At the time of a transit Venus is of course on a line between the earth and the sun, and she is at somewhat less than a third of the sun’s distance from us. Thus whatever effect an observer’s change of place would produce upon the sun would be more than trebled in the case of Venus. But it must not be forgotten that we are to judge the motions of Venus by means of the dial-plate formed by the solar disc, and that dial-plate is itself shifted as the observer shifts his place. Venus is shifted three times as much, it is true; but it is only the balance of change that our astronomer can recognise. That balance is, of course, rather more than twice as great as the sun’s change of place.
So far, then, we have not gained much, since it has been already mentioned that the sun’s change of place is not measurable by any process of observation astronomers can apply.
It is to the fact that we have the sun’s disc, whereby to measure the change, that we chiefly trust; and even that would be insufficient were it not for the fact that Venus is not at rest, but travels athwart the great solar dial-plate. We are thus enabled to make a time measurement take the place of a measurement of space. If an observer in one place sees Venus cross the sun’s face at a certain distance from the centre, while an observer at another place sees her follow a path slightly farther from the centre, the transit clearly seems longer to the former observer than to the latter.

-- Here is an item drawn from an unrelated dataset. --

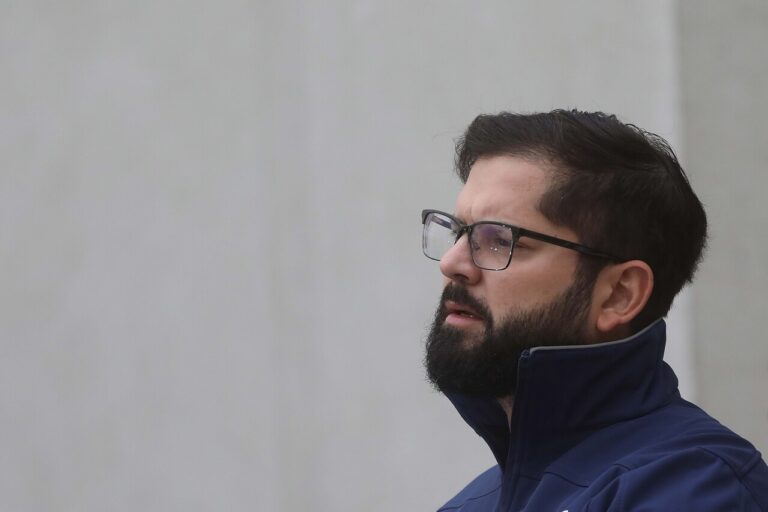 Presidente Boric anuncia que no viajará a París para la inauguración de los Juegos Olímpicos: Las razones tras su decisión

This artifice of exchanging a measurement of time for one of space—or _vice versâ_—is a very common one among astronomers. It was Edmund Halley, the friend and pupil of Sir Isaac Newton, who suggested its application in the way above described. It will be noticed that what is required for the successful application of the method is that one set of observers should be as far to the north as possible, another as far to the south, so that the path of Venus may be shifted as much as possible. Clearly the northern observers will see her path shifted as much to the south as it can possibly be, while the southern observers will see the path shifted as far as possible towards the north.

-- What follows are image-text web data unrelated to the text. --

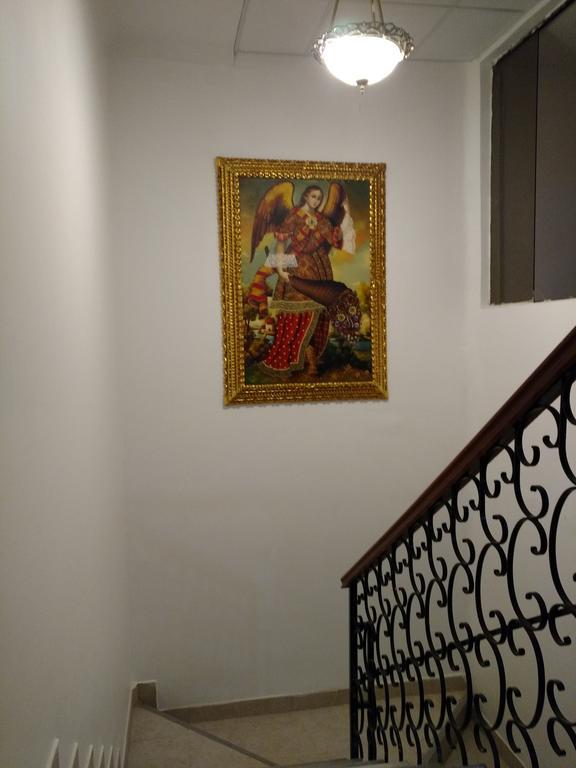 Korisonqo Leilighet Cuzco Eksteriør bilde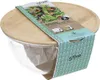 5five Simply Smart | Saladekom - Glazen kom 2,7 liter - Productafbeelding-voorbeeld 7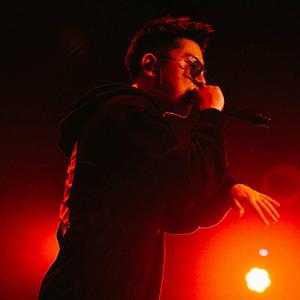 LA in the snow(Live)（翻自 王以太）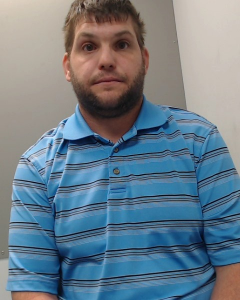 Scott Meiskey Benjamin a registered Sex Offender of Pennsylvania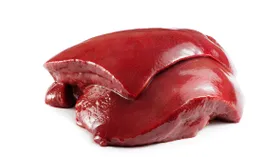 Говяжья печень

One thing, however, is to be remembered. A transit lasts several hours, and our observers must be so placed that the sun will not set during these hours. This consideration sometimes involves a difficulty. For our earth does not supply observing room all over her surface, and the region where observation would be most serviceable may be covered by a widely-extended ocean. Then again, the observing parties are being rapidly swayed round by the rotating earth and it is often difficult to fix on a spot which may not, through this cause, be shifted from a favourable position at the beginning of the transit to an unfavourable one at the end.

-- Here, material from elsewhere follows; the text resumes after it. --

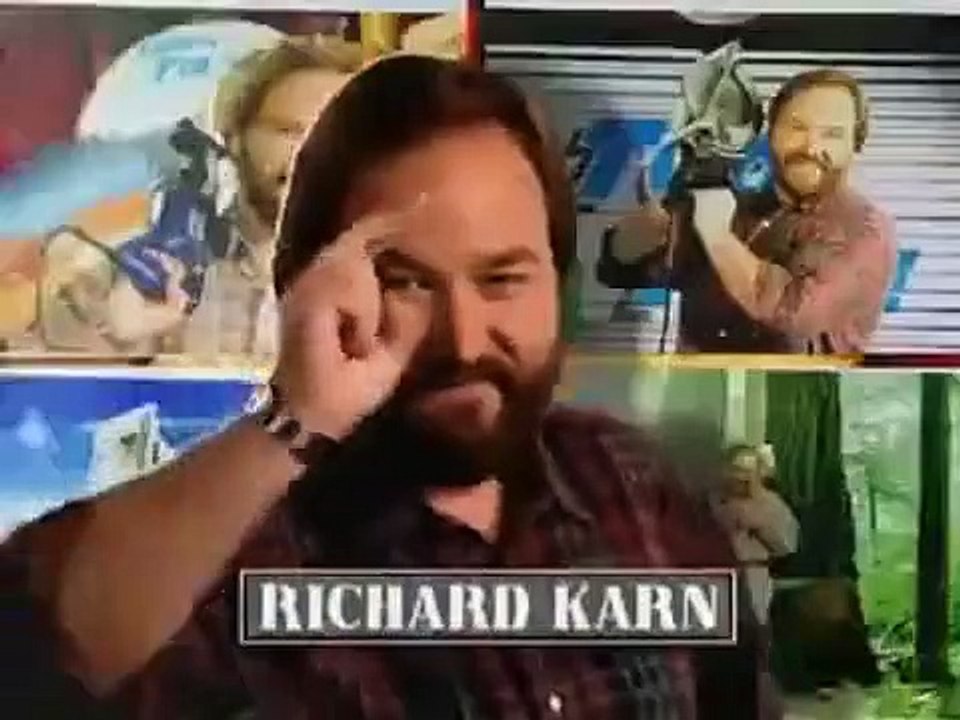 Home Improvement - Se7 - Ep13 -An Older Woman HD Watch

Without entering on all the points of difficulty involved by such considerations as these, I may simply indicate the fact that the astronomer has a problem of considerable complexity to solve in applying Halley’s method of observation to a transit of Venus.
It was long since pointed out by the French astronomer Delisle that the subject may be attacked another way—that, in fact, instead of noticing how much longer the transit lasts in some places than in others, the astronomer may inquire how much earlier it begins or ends in some places than in others.